I still love the idea of hydrogen/electric: it gives you the torque, a clean fuel source, zero emissions. It doesn’t deal with the environmental issues surrounding making batteries, but it gets us one step closer, and it gets the average consumer off the grid. Unfortunately, Honda got the closest but even they appear to have abandoned the idea, in favour of now-traditional gasoline/electric hybrids, and plug-in electrics.

In fact, you, and we, can effect positive change. As people adopt electric and hybrid, the process becomes more efficient: efficiency of scale will, I think, become a huge deal. And, honestly, the technology will get better, because that’s what it does. We’re also starting to get smarter about where our ‘grid’ power comes from. The numbers in those articles? They’re thrown out a lot by developing worlds and new markets still using low tech and dirty fuels for powering their grids. Those numbers will get worse before they get better, but developed worlds are improving (despite the coal/oil industries attempts to stagnate development of green technologies). Solar on the household level, geothermal, and wind are going to continue to make the long-term ownership of electric and hybrid vehicles more and more viable, EVEN with the environmental costs associated witht he materials and construction process. Everyone needs to take a page from the enthusiast driver: they need to LEARN TO DRIVE. That’s something you always have to give to an enthusiast (BMW & Audi drivers excepted, those guys are just DICKS): they look at the road, they plan their trips, then work on efficiencies (because, again, efficiency = power and power = fun). Enthusiasts need to save money on gas, so we can go faster, longer. Most enthusiasts are working with traffic, when they’re in it: they understand braking distances, and when it’s worth accelerating, or just pulling along. We understand our vehicles, and we make them run as well as is possible. We DRIVE: we don’t just go point-to-point. Paying attention to traffic, where you want to be, how to get there (before you get there) and simple courtesy? these things all save fuel and time.

Look, true enthusiasts? We like ALL wheeled things. Me, I’m a cyclist, a car lover, a tuner, an muscle car guy, an open-wheel fan: I love a good 4×4, I love rallying, I even like NASCA… no, I can’t say it. I just DON’T GET NASCAR. I like vintage, I like new.

That’s what I hate most about this whole thing with Tesla vs the media. The reality is, Tesla is, in fact, beta-testing. Anyone who’s bought one so far? They’re early-adopters, and they’re part of the test cycle. There are going to be problems.

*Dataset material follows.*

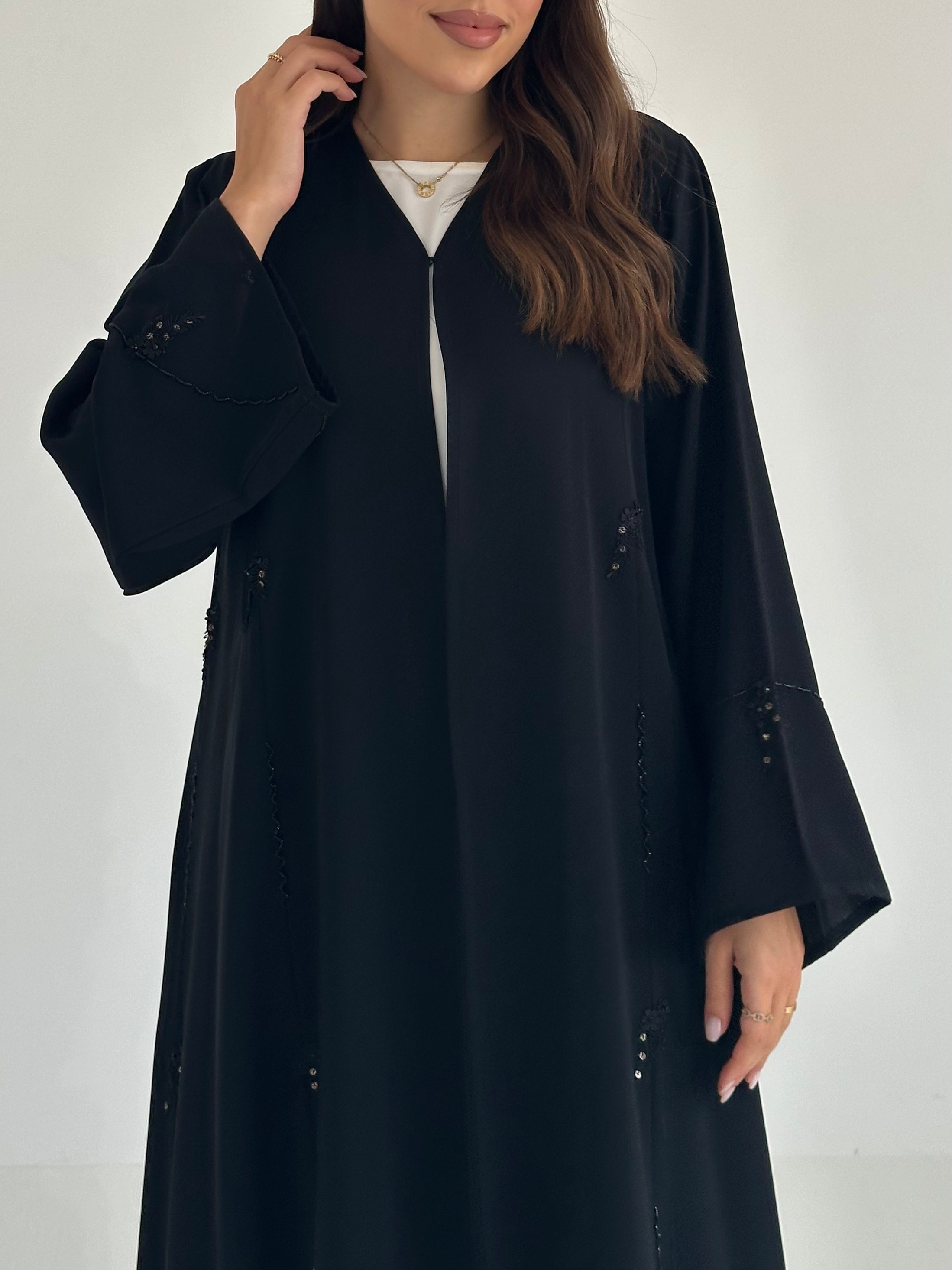 C 2503 Black Floral Beaded Abaya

Going ballistic and making yourself look like an asshole isn’t going to help. I think it’s fantastic that the CNN Guys managed a successful run when Broder couldn’t. But even they said there were severe differences in conditions (0-10oF vs 50oF ambient temps make a huge difference on batteries) and that’s out of their control.

I love what Tesla is doing. If I won the lottery, I’d have a Tesla, and be damned with it. But, I’d have a hard time with it being my only car, hundred-grand be damned. That said, if I can afford a Tesla, I can afford something more …

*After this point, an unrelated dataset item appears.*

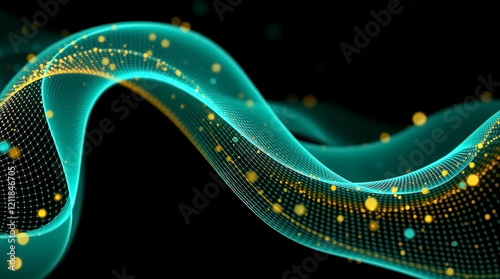 Abstract Flowing Waves in Teal and Gold with Futuristic Technology and Motion Design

See, I was about to say “reliable”. But that’s the wrong word. The cars are, for the most part, reliable. Especially with the support, and ‘instant update’ from their support divisions.

But the reality is, the tech is in its infancy. It’s pretty simple in the math. If A drive from Washington to Boston takes eight hours in a gas car, assuming normal stops, and it takes thirteen hours, with no problems with the vehicle, in an electric car, with the fastest available charging systems, it’s simply NOT ready for prime-time. It’s a mother of a first step, there’s no doubt about that, but it IS a first step. Stoping for three to five hours to charge (under optimium circumstances) is far too much Sunday drive: there’s no room to enjoy that cars potential, and the range anxiety? It’s still there, even though you have the technical range. The technolgy turns a long but manageable drive into an obnoxious, exhausting drive.

But like I said: enthusiasts. I can’t wait to see where this goes. I’d love to see Telsa get into the Hydrogen/electric business. Most of all, I want to see them drop the defensive “you’re all out to get us” bullshit, and keep making awesome, all-electric alternatives to what we’ve got now. It’s gotta happen, and, for all the issues, these guys are at the head of the pack. Right now, the Tesla, for all the faults it has, is waaaay better at what it does than any other electric (or hybrid) on the market. Bar none.

As an enthusiast, I can’t wait to see where this goes. I just wish I could afford one, and be part of the process.